▶ _BRIEF_:
Write the listing below out again exactly, dropping the images.

▶ _EXERCISE INPUT_:
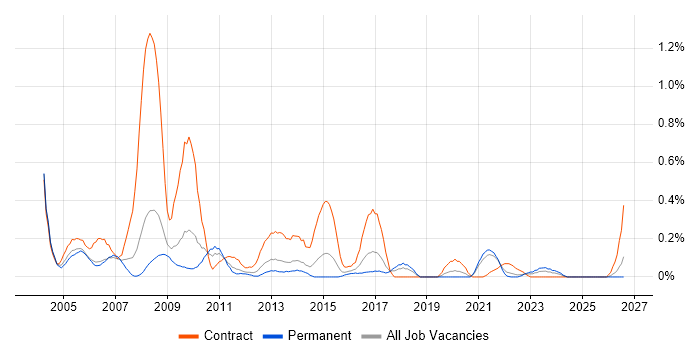 SAP HR job vacancy trend in Bristol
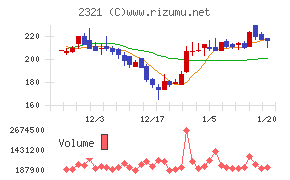 ソフトフロントホールディングス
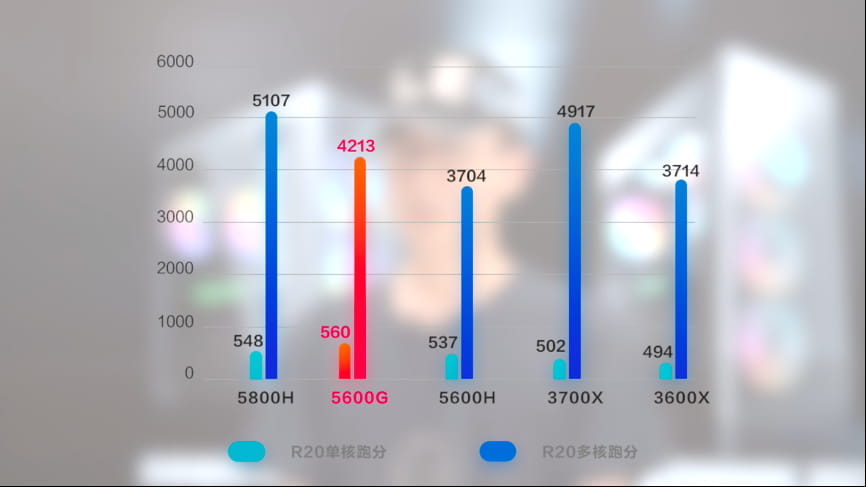 5600G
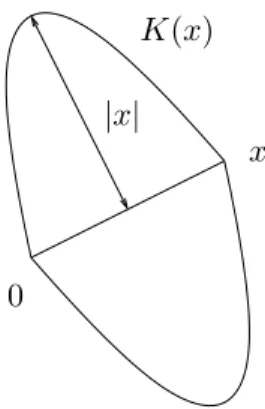 Figure 3: The set K(x)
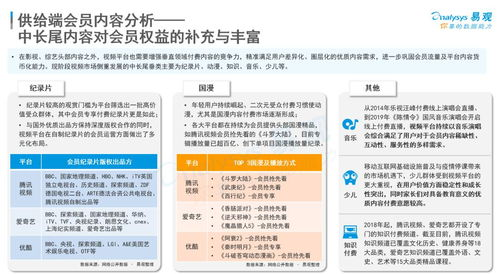 二、主流在线影视平台介绍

▶ _THE ANSWER_:
 SAP HR job vacancy trend in Bristol
 ソフトフロントホールディングス
 5600G
 Figure 3: The set K(x)
 二、主流在线影视平台介绍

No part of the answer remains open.